──────── DATA ────────

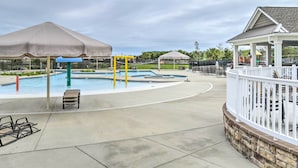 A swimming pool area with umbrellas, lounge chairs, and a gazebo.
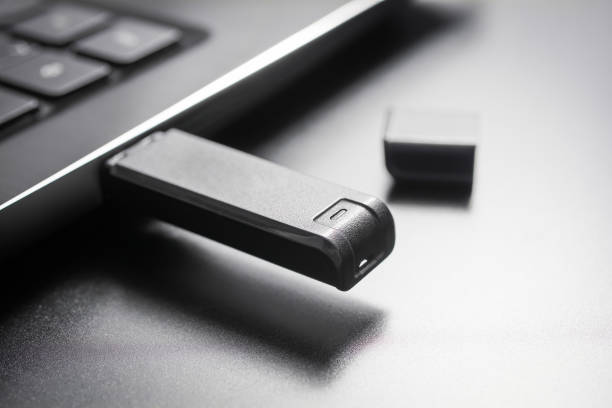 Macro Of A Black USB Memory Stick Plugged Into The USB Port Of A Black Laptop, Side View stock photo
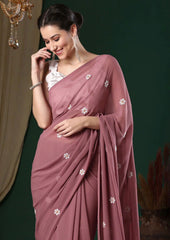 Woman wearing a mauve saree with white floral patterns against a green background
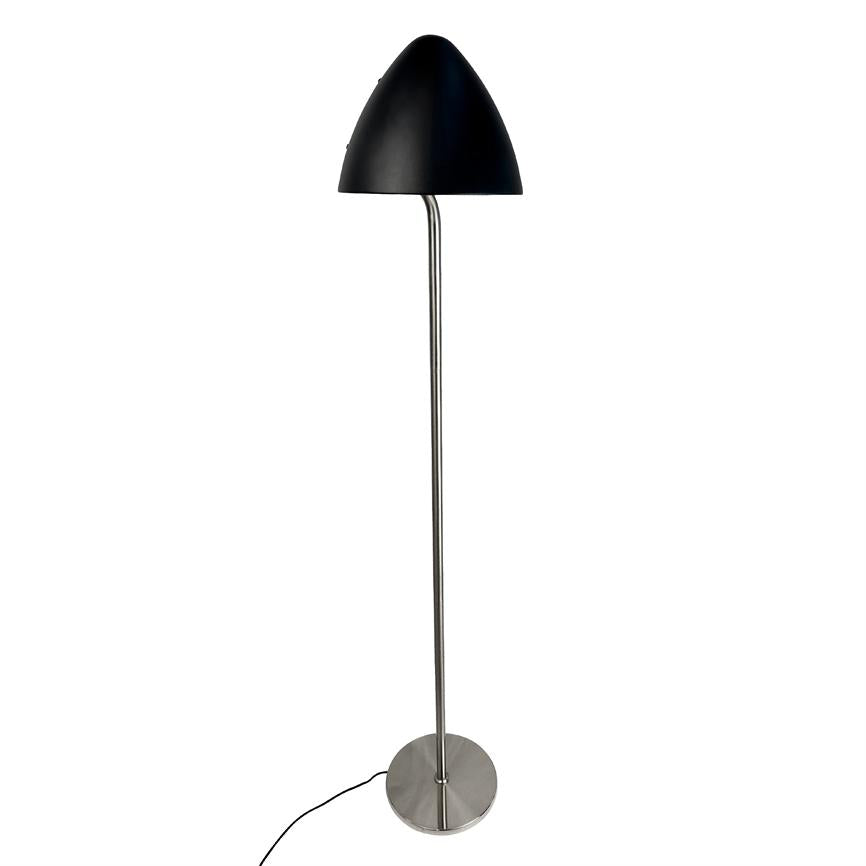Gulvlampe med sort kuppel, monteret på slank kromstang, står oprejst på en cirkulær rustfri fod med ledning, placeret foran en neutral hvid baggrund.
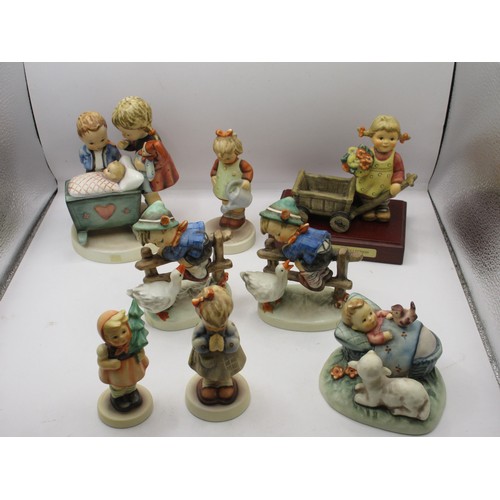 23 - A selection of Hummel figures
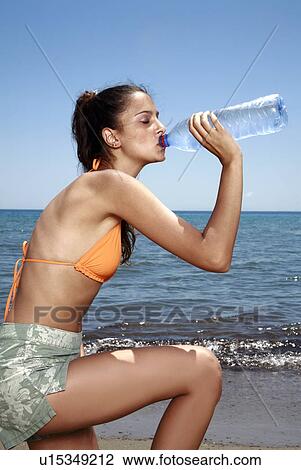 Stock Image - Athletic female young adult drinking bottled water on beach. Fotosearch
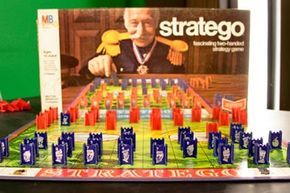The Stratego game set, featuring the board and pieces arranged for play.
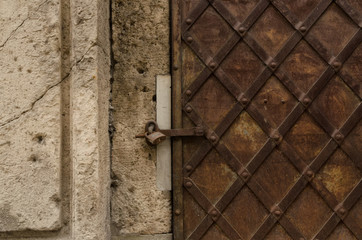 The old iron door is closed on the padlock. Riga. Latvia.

────────
──────── DATA ────────

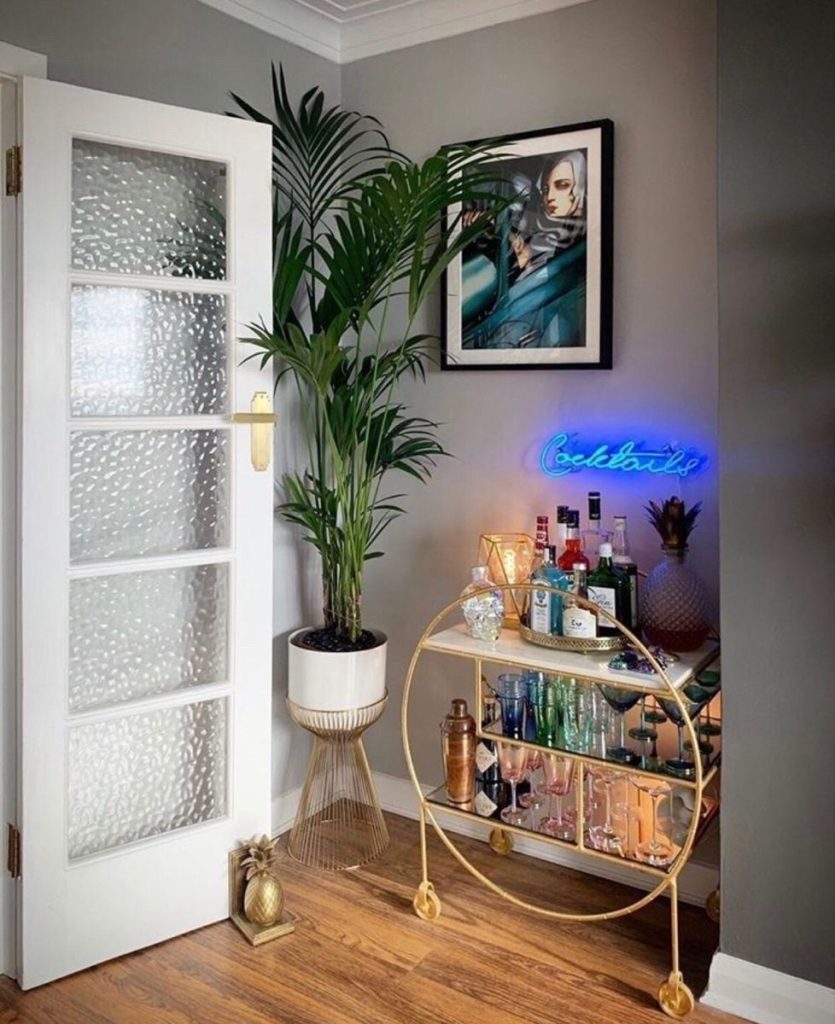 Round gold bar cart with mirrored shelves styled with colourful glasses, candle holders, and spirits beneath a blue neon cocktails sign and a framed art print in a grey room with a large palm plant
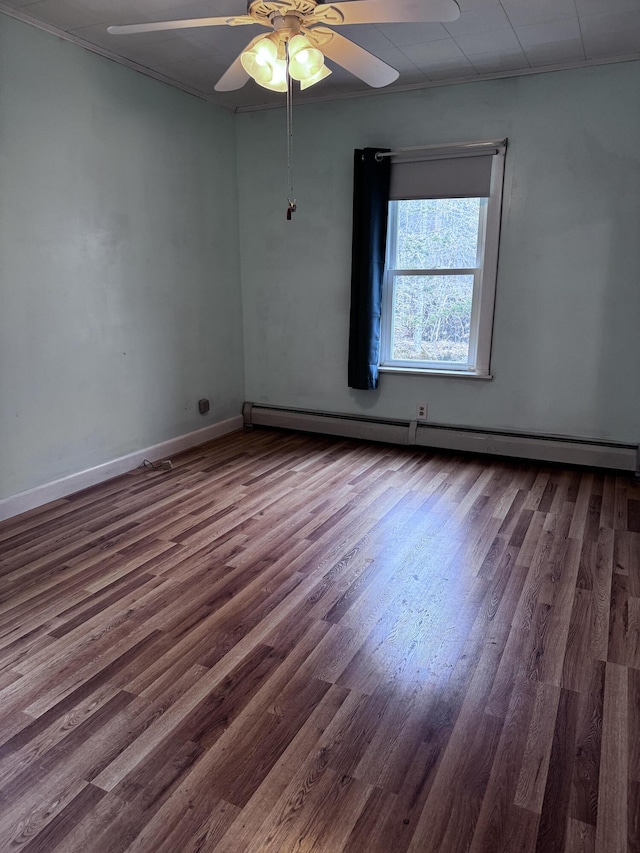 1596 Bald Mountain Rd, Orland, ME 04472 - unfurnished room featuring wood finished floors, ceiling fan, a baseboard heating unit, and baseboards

────────

Pictures in the entries do not go into the copy. Print only the lines starting at the one containing "Woman wearing a" and ending at the one containing "The old iron", exactly as they appear.

 Woman wearing a mauve saree with white floral patterns against a green background
Gulvlampe med sort kuppel, monteret på slank kromstang, står oprejst på en cirkulær rustfri fod med ledning, placeret foran en neutral hvid baggrund.
 23 - A selection of Hummel figures
 Stock Image - Athletic female young adult drinking bottled water on beach. Fotosearch
The Stratego game set, featuring the board and pieces arranged for play.
 The old iron door is closed on the padlock. Riga. Latvia.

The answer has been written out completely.